Hope Rugo, MD
As the search for new therapies for patients with recurrent triple-negative breast cancer (TNBC) continues, recent research demonstrates that better outcomes may be achieved through changes in existing chemotherapy protocols.
In long-term findings of a phase III study, the median overall survival (OS) for patients with TNBC was 21.0 months with nab-paclitaxel (Abraxane) compared with 15.3 months with standard paclitaxel, representing a 26% reduction in the risk of death, with a hazard ratio of 0.74 (95% CI, 0.51-1.07). The median progression-free survival (PFS) was 7.4 months with nab-paclitaxel and 6.4 months with paclitaxel, which translated into a 21% reduction in the risk of progression (95% CI, 0.55-1.12).1
The results were reported for a subgroup of the CALGB 40502/NCCTG N063H trial, which enrolled 799 patients with locally recurrent or metastatic stage IIIC or IV breast cancer.

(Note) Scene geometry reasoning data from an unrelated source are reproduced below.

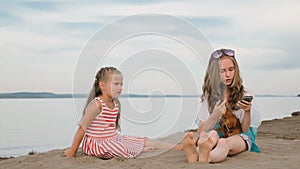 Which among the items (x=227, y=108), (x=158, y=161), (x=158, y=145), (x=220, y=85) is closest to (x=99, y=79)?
(x=158, y=145)

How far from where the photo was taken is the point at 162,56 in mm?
5078

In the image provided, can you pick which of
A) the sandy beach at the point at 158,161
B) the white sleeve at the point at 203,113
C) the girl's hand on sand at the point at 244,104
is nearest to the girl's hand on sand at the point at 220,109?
the girl's hand on sand at the point at 244,104

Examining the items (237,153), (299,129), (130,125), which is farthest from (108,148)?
(299,129)

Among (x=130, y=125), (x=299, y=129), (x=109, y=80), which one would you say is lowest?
(x=299, y=129)

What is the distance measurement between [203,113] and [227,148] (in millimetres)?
552

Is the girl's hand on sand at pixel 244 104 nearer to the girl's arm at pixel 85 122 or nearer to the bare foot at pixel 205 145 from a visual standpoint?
the bare foot at pixel 205 145

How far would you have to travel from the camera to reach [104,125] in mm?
5676

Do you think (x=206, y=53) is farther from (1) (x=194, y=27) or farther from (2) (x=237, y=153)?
(2) (x=237, y=153)

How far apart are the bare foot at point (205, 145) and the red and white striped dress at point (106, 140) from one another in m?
1.03

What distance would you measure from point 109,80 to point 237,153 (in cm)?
176

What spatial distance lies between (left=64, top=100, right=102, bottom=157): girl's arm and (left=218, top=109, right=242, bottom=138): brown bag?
1.49 m

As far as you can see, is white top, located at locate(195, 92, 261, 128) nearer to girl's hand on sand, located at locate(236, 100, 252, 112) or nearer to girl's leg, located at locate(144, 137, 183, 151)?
girl's hand on sand, located at locate(236, 100, 252, 112)

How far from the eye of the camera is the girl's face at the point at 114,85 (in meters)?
5.68

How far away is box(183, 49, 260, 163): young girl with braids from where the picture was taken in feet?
16.9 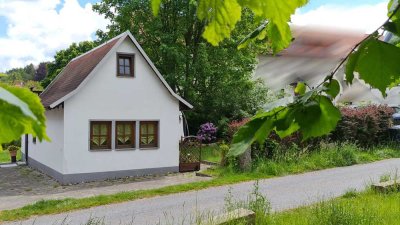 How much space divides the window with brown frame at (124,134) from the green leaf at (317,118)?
1714 centimetres

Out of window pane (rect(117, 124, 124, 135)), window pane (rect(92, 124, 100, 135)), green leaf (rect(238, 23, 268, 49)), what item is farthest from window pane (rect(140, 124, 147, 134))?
green leaf (rect(238, 23, 268, 49))

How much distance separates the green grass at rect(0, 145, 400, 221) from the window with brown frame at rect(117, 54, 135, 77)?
209 inches

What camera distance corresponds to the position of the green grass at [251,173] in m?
12.1

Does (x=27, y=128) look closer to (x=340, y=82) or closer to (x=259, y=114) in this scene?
(x=259, y=114)

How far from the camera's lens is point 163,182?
1661 cm

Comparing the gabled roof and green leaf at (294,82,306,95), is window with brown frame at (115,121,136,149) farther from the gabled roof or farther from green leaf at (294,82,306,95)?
green leaf at (294,82,306,95)

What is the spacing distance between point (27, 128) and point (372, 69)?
742 millimetres

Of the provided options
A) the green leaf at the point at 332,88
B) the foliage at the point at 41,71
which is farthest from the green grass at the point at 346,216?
the foliage at the point at 41,71

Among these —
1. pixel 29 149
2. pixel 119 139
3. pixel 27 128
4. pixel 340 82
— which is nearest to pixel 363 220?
pixel 340 82

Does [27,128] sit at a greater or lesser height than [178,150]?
greater

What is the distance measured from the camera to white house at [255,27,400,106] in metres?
0.97

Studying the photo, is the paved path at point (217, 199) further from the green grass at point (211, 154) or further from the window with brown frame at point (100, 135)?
the green grass at point (211, 154)

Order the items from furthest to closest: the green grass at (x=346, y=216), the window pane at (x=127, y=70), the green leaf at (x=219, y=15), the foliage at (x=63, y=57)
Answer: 1. the foliage at (x=63, y=57)
2. the window pane at (x=127, y=70)
3. the green grass at (x=346, y=216)
4. the green leaf at (x=219, y=15)

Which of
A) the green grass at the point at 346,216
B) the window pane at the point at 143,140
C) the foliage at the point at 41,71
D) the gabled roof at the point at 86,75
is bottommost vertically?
the green grass at the point at 346,216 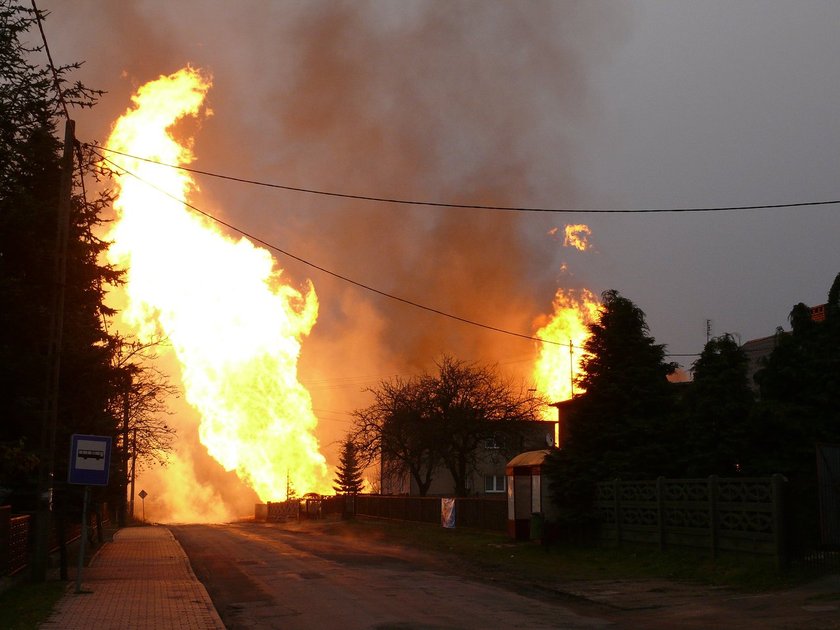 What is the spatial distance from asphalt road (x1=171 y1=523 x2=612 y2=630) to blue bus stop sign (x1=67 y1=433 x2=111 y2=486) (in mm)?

Participants were randomized to receive paclitaxel (n = 283), nab-paclitaxel (n = 271), or ixabepilone (Ixempra) (n = 245) as first-line therapy in this setting. Most patients on the trial also received concurrent bevacizumab (Avastin), which at the time was the standard of care in the first-line setting. Nab-paclitaxel was given at a higher-than-approved dose of 150 mg/m2
weekly. Paclitaxel was administered at 90 mg/m2
and ixabepilone was administered at 16 mg/m2 weekly.
The efficacy findings for the chemotherapy regimens varied by subtype. “For hormone receptor–positive disease, paclitaxel remains the gold standard. For TNBC, which is more resistant, I would consider nab-paclitaxel as a first option in the first-line metastatic setting...,” said lead investigator Hope S. Rugo, MD, medical oncologist and director of the Breast Oncology Clinical Trials Program at the University of California, San Francisco, Helen Diller Family Comprehensive Cancer Center. In an interview with OncLive®
at the 2017 San Antonio Breast Cancer Symposium (SABCS), Rugo discussed the implications of these findings and the importance of individualizing doses of nab-paclitaxel.
OncLive: Can you provide an overview of the design of the study?
This is a trial that we started quite a long time ago, and it was designed to evaluate the relative efficacy of novel microtubule inhibitors given in a weekly schedule, compared with the standard of care, which was paclitaxel. At the time, bevacizumab was the standard of care as first-line therapy for metastatic HER2-negative breast cancer, based on the results of ECOG 2100. Our control arm was weekly paclitaxel at 90 mg/m2 with bevacizumab, 3 weeks on, 1 week off. If patients had responding or stable disease after 6 cycles of 4 weeks per cycle, they could stop the chemotherapy and continue on with bevacizumab alone.
One of our experimental arms was weekly ixabepilone, which had been approved based on efficacy in taxane-resistant disease, as well as superiority in combination with capecitabine (Xeloda). However, it was given every 3 weeks and was quite toxic. We were evaluating weekly therapy at the same dose—16 mg/m2
. The second experimental arm was nab-paclitaxel. A randomized phase II trial conducted in Russia and published by William Gradishar, MD, had shown improved efficacy with 150 mg/m2
, compared with paclitaxel, every 3-week paclitaxel, and docetaxel (Taxotere). The idea was that we would study that dose. In our study, each experimental arm was compared with the control, rather than to each other.
We had planned to enroll 900 patients with a primary endpoint of PFS, but we had interim analyses for futility. At the first interim analysis, the ixabepilone arm was closed for futility, and at the second interim analysis, the entire study was closed because of futility.
What were the results of this study?
As one would expect, the first time we presented our data at SABCS in 2013, and when they were published in the Journal of Clinical Oncology in 2015, we showed that neither arm was superior to paclitaxel, and that the nab-paclitaxel arm, in particular, was associated with increased hematologic and nonhematologic toxicity, including both motor and sensory neuropathy. We don’t usually see much motor neuropathy. We also found that the ixabepilone arm was inferior for PFS, and that neither arm showed any difference in OS.
Was a difference seen in the subset analysis?
We also looked at the subsets based on hormone receptor [HR] status—HR-positive, HER2-negative, or TNBC. What we found was a significant test for interaction between nab-paclitaxel and paclitaxel for HR status, and no significant interaction for ixabepilone for both PFS and OS.